Stored records:

● ● ● ●

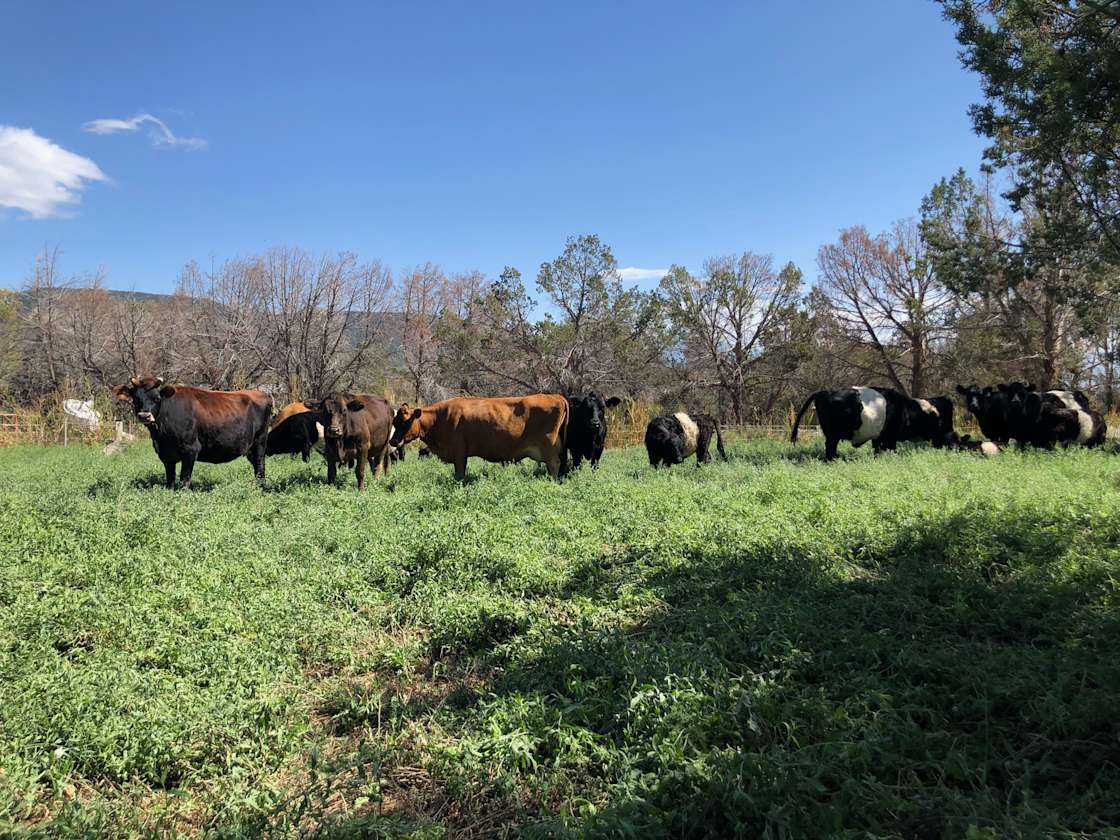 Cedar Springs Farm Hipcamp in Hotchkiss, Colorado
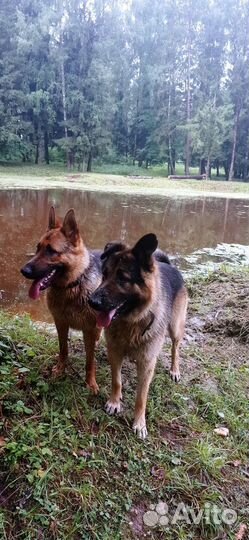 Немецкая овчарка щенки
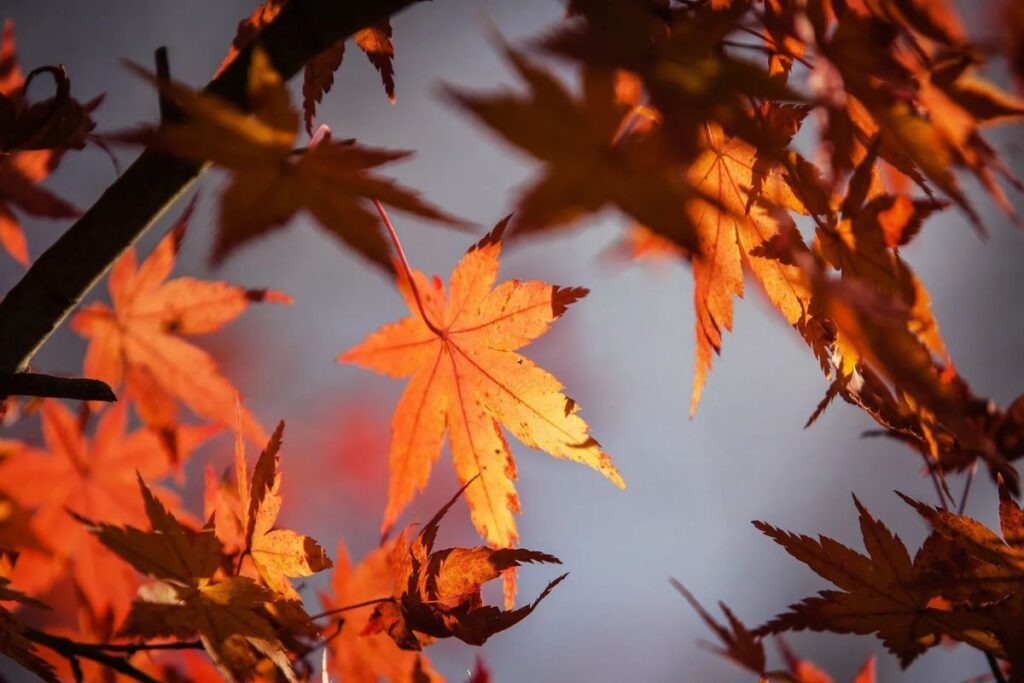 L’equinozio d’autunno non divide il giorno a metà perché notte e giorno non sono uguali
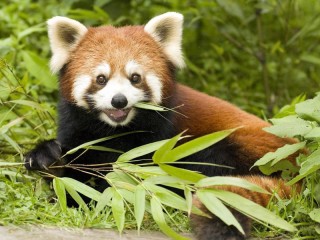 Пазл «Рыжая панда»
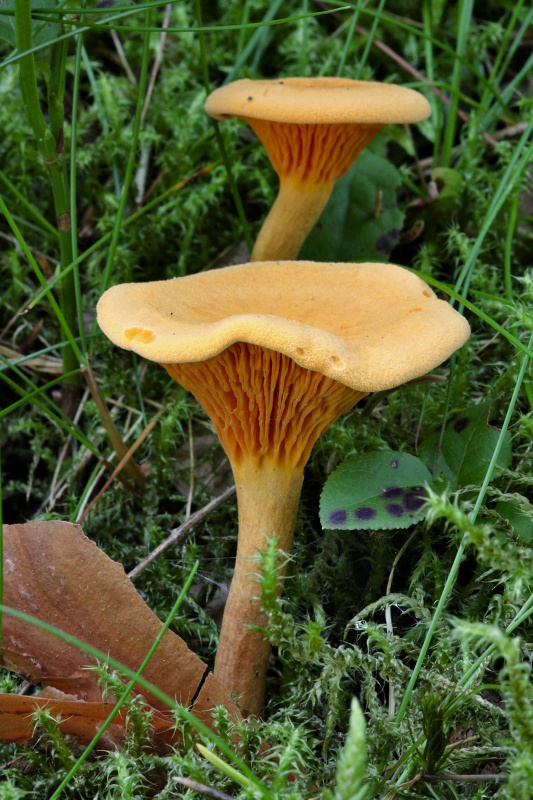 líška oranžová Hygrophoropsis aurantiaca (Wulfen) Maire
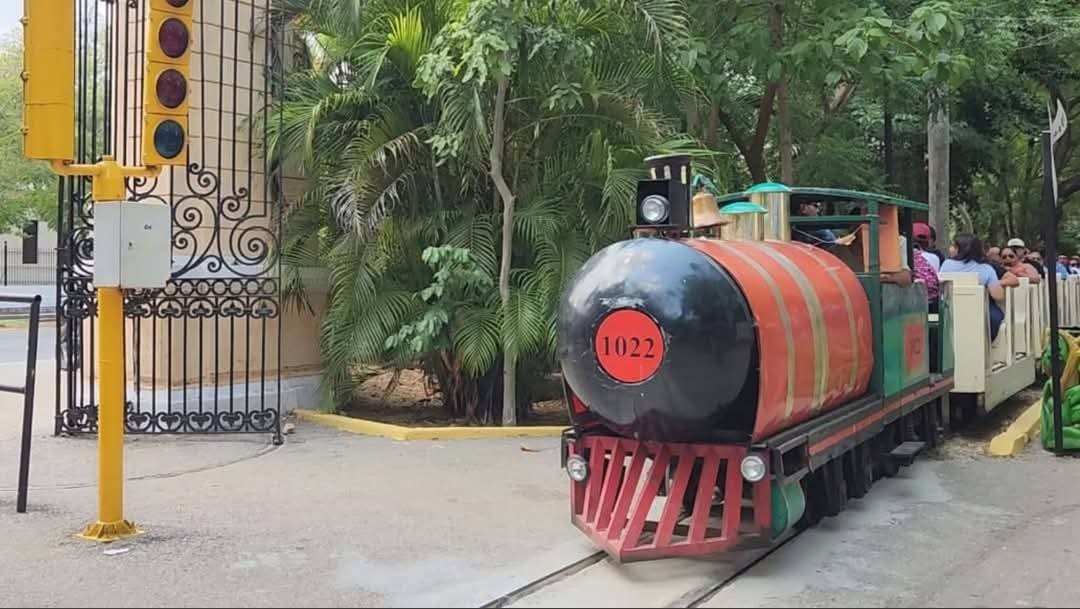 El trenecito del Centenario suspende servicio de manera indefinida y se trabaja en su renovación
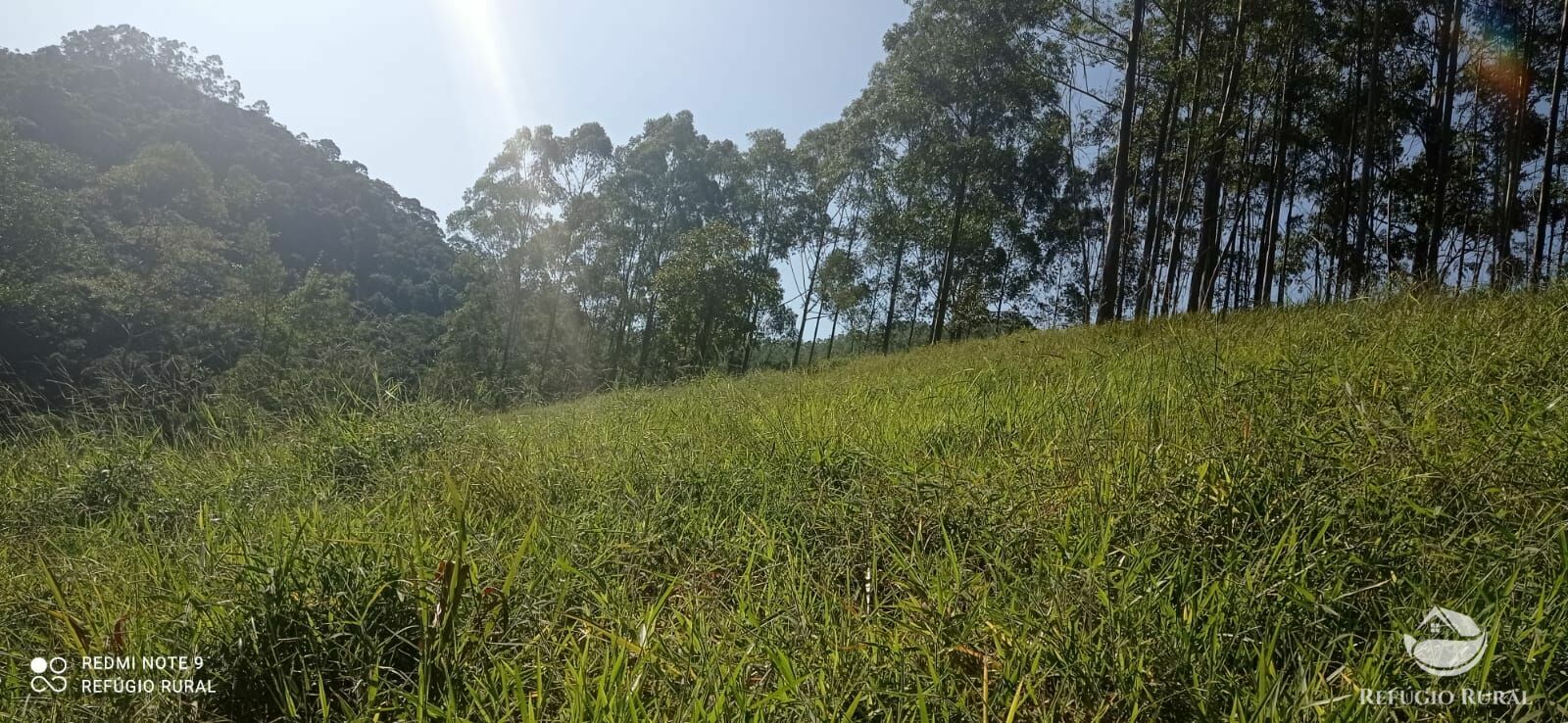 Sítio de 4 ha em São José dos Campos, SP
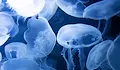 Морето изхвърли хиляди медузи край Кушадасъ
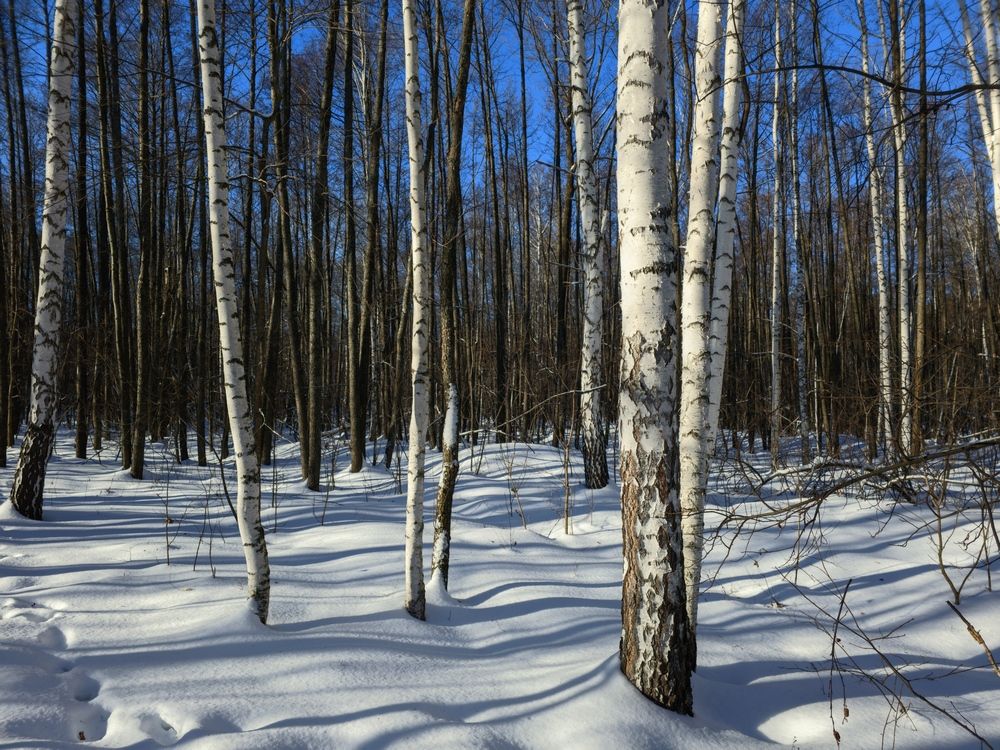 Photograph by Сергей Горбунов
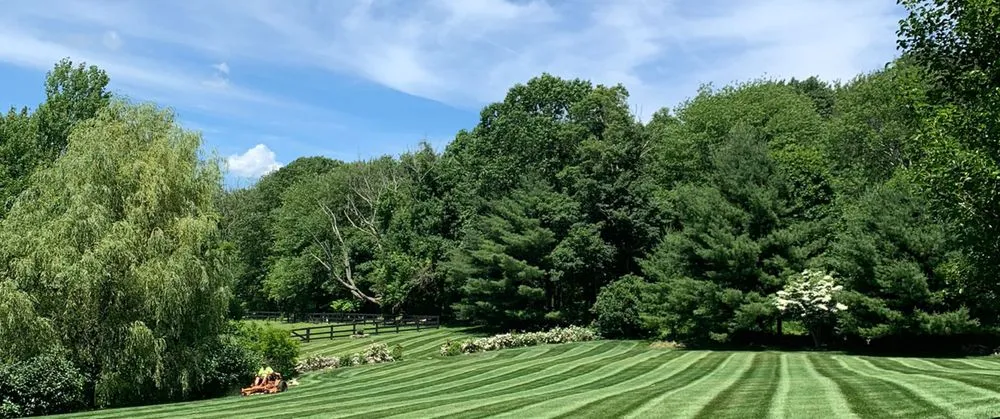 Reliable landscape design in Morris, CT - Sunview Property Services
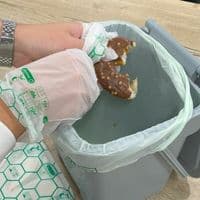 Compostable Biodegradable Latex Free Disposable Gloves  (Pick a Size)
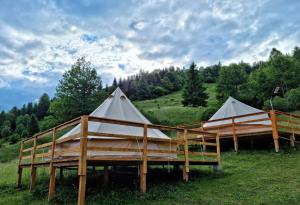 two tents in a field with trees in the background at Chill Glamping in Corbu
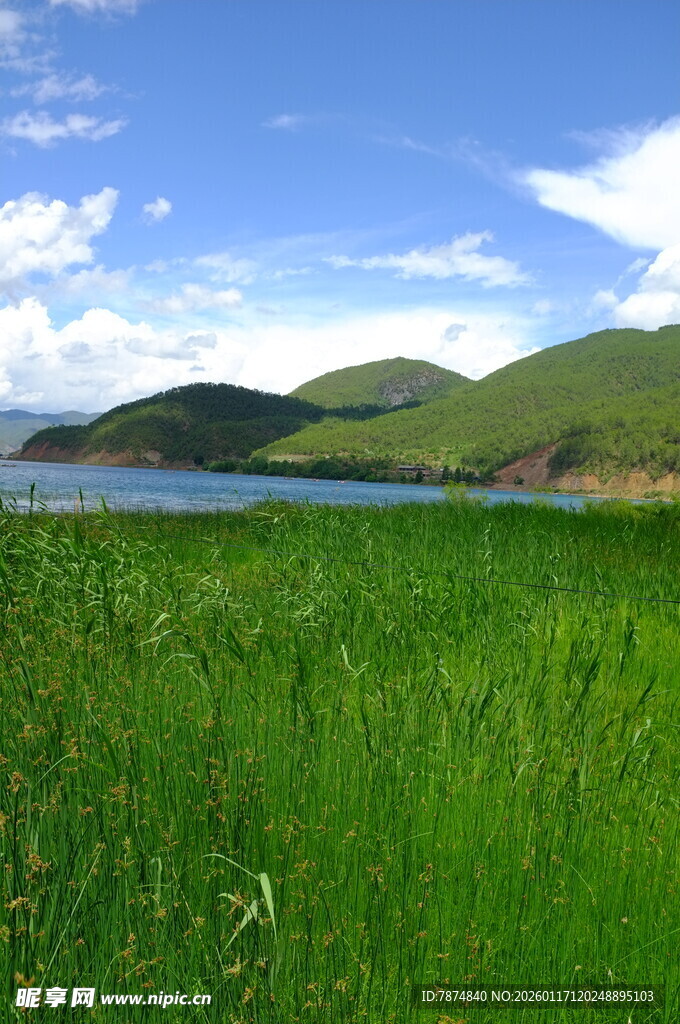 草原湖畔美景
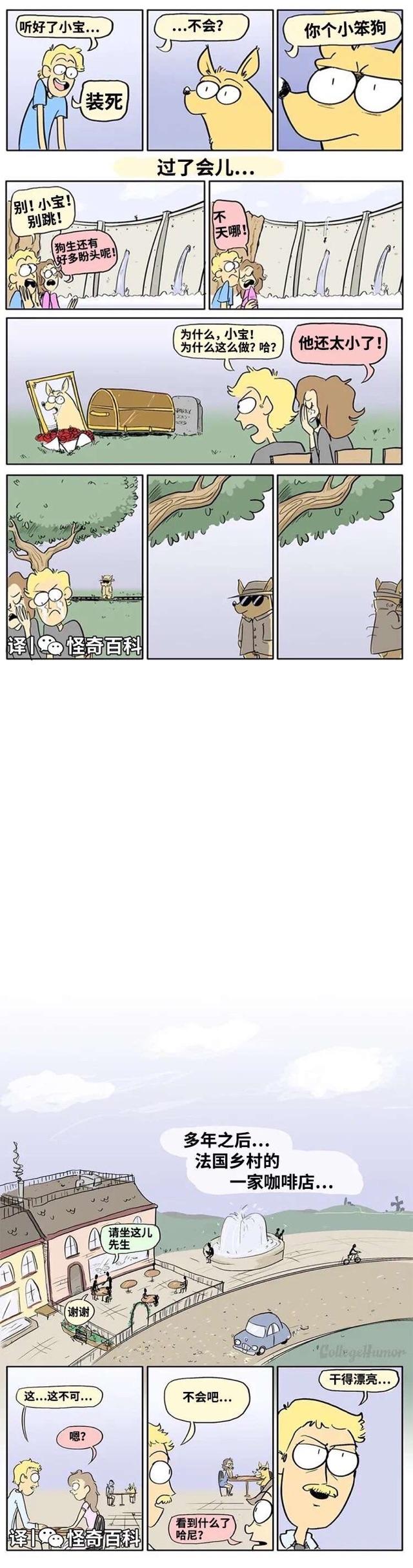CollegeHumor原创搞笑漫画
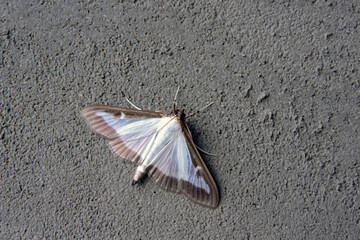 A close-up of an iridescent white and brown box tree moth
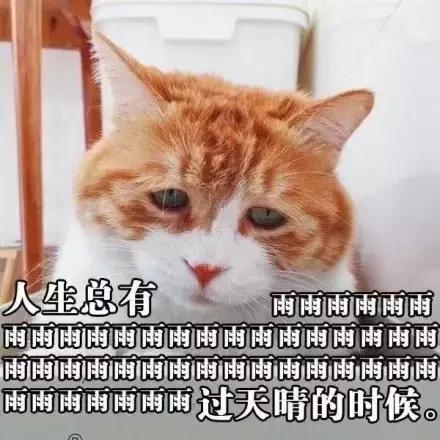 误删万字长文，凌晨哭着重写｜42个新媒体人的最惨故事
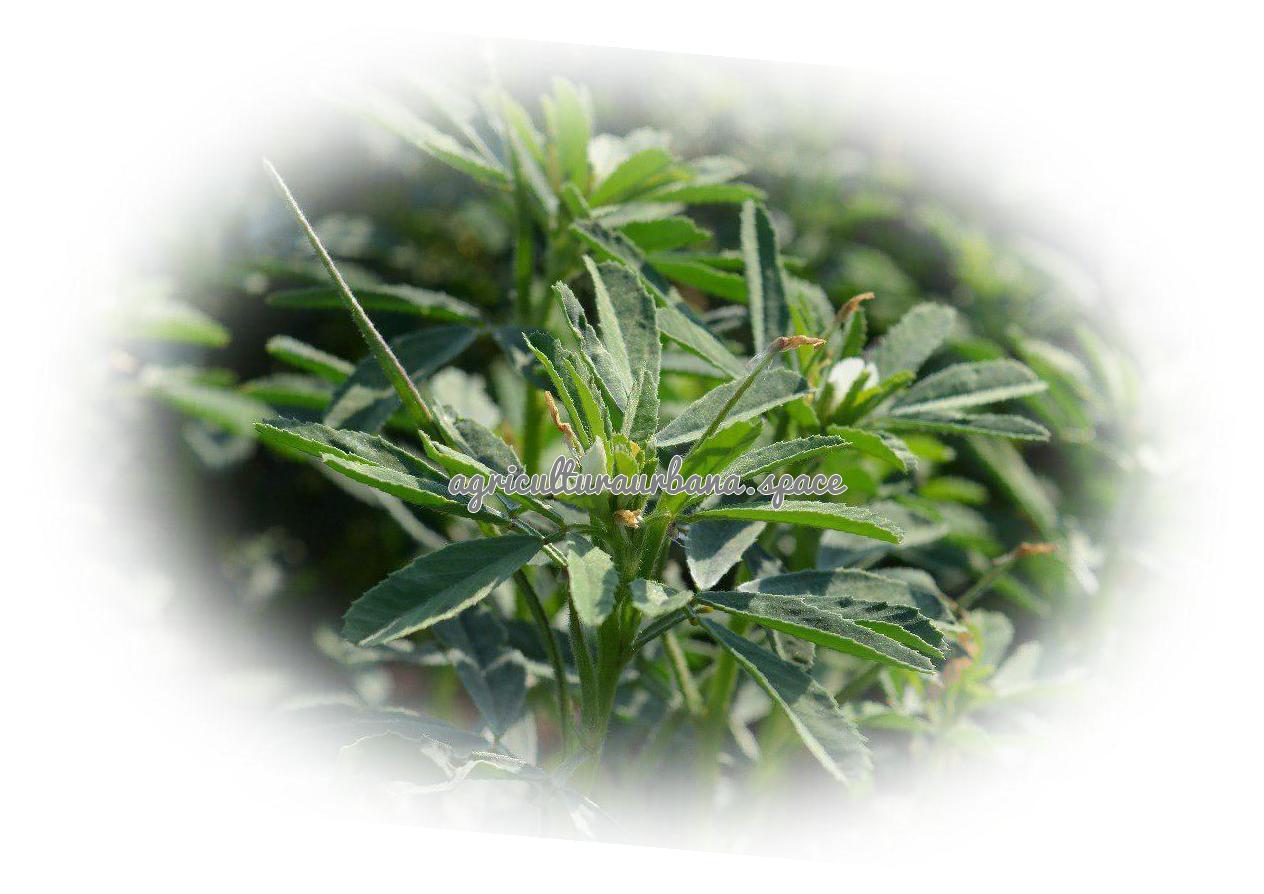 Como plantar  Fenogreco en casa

● ● ● ●

Directions:
In the records above, take every line from the opening one through the line with "Photograph by Сергей Горбунов" and repeat it exactly; pictures are not part of the copy.

Result for this task:
 Cedar Springs Farm Hipcamp in Hotchkiss, Colorado
 Немецкая овчарка щенки
 L’equinozio d’autunno non divide il giorno a metà perché notte e giorno non sono uguali
 Пазл «Рыжая панда»
 líška oranžová Hygrophoropsis aurantiaca (Wulfen) Maire
 El trenecito del Centenario suspende servicio de manera indefinida y se trabaja en su renovación
 Sítio de 4 ha em São José dos Campos, SP
 Морето изхвърли хиляди медузи край Кушадасъ
 Photograph by Сергей Горбунов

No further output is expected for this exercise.